A New Tax System (Goods and Services Tax) Act 1999 , section 9-5 A New Tax System (Goods and Services Tax) Act 1999 , section 38-325 A New Tax System (Goods and Services Tax) Act 1999 , section 75-5 A New Tax System (Goods and Services Tax) Act 1999 , section 75-10 A New Tax System (Goods and Services Tax) Act 1999 , section 75-11 Does Division 165 apply to this private ruling? No.
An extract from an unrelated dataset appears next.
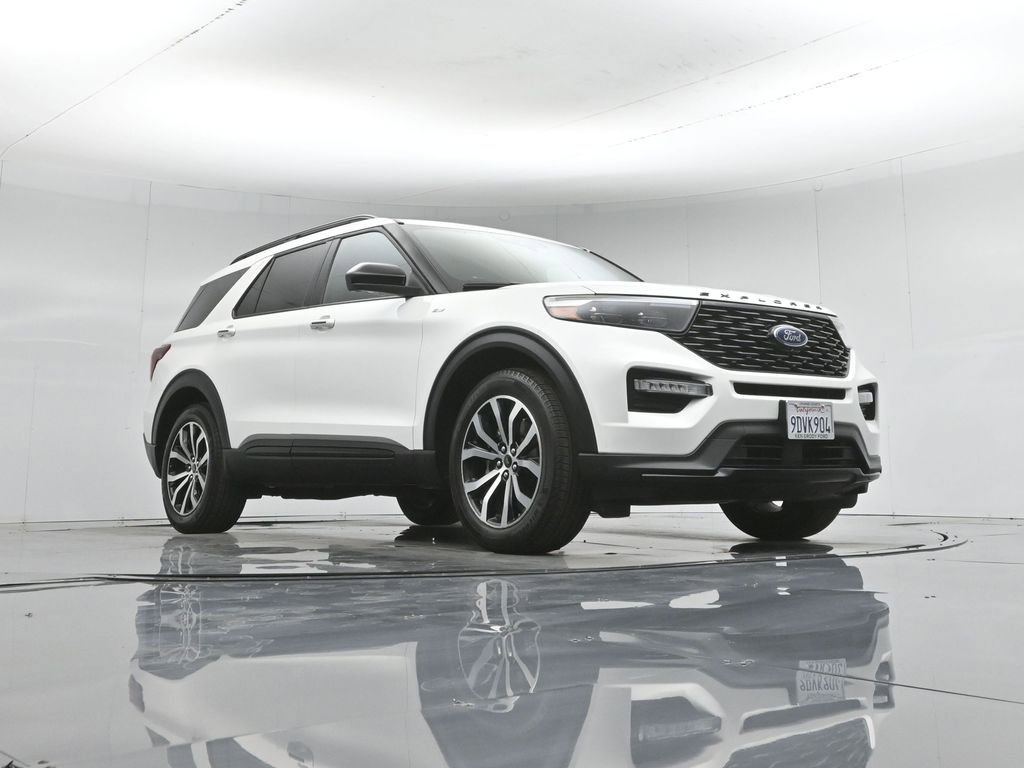 Used 2022 Ford Explorer ST-Line RWD image 53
Question 1 Going concern Section 38-325 provides that, if certain conditions are satisfied, a supply of a going concern is GST-free. This means that, in the case of a supply which would otherwise be a taxable supply, or an input taxed supply, the supply is a GST-free supply if it is supplied under an arrangement for the supply to be a going concern. Section 38-325 states: (1) The supply of a going concern is GST-free if: (a) the supply is for consideration; and (b) the *recipient is registered or required to be registered; and (c) the supplier and the recipient have agreed in writing that the supply is of a going concern. (2) A supply of a going concern is a supply under an arrangement under which: (a) the supplier supplies to the recipient all of the things necessary for the continued operation of an enterprise; and (b) the supplier carries on, or will carry on, the enterprise until the day of the supply (whether or not as part of a larger enterprise being carried on by the supplier) The condition at subsection 38-325(1)(a) is satisfied as the Party B as supplier makes the supply to Party C (the purchaser) for consideration.
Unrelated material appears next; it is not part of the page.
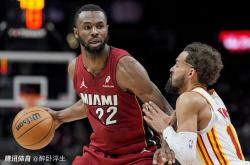 开云体育官网-热火大胜老鹰，取得三连胜！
The condition at subsection 38-325(1)(b) is satisfied as the 2025 Contract lists at special condition subclause zz. that the purchaser will be registered for GST at the time of settlement. The condition at subsection 38-325(1)(c) is satisfied as the 2025 Contract states at special condition subclause zz that the supplier and the purchaser agree in writing that the supply is of a going concern. The supply must be a 'supply of a going concern' as defined under subsection 38-325(2). Paragraph 20 of Goods and Services Tax Ruling GSTR 2002/5 Goods and services tax: when is a 'supply of a going concern' GST-free? (GSTR 2002/5) provides that an arrangement between a supplier and a recipient for the supply of a going concern does not limit itself merely by the description each party has given themselves in the agreement but by objectively examining the transactions that are made between the parties. Therefore, subsection 38-325(2) is required to be satisfied and subsection 38-325(1)(c) cannot exclusively be relied on. The 20XX Contract satisfies the subsection 38-325(2) requirement that there be an 'supply under an arrangement''. The identified enterprise
Subsection 38-325(2) requires the conditions to be satisfied in relation to an 'identified enterprise'. The relevant enterprise is determined before establishing if all things are supplied by the supplier to the recipient to continue that enterprise. The material provided indicated Party B's enterprise is property development: this is echoed in the 20XX Contract. For the purposes of this ruling, this is the 'identified enterprise'. The property development is in relation to the developing of the land into a mixed residential and commercial premises. We consider Party B commenced a property development enterprise, which may have begun sometime between when the property was acquired in 20XX and when Party B engaged AB in February 20XX. Party B's activities have been somewhat limited: • Development Permit 1 lapsed. • Development permit 2 lapsed . • Development Permit 3 lapsed. Party B decided to engage AB to prepare plans and in September 20XX Party B entered into the sale contract to Party C. All of these activities indicate that there is some activity in the enterprise of developing the property and that it had commenced.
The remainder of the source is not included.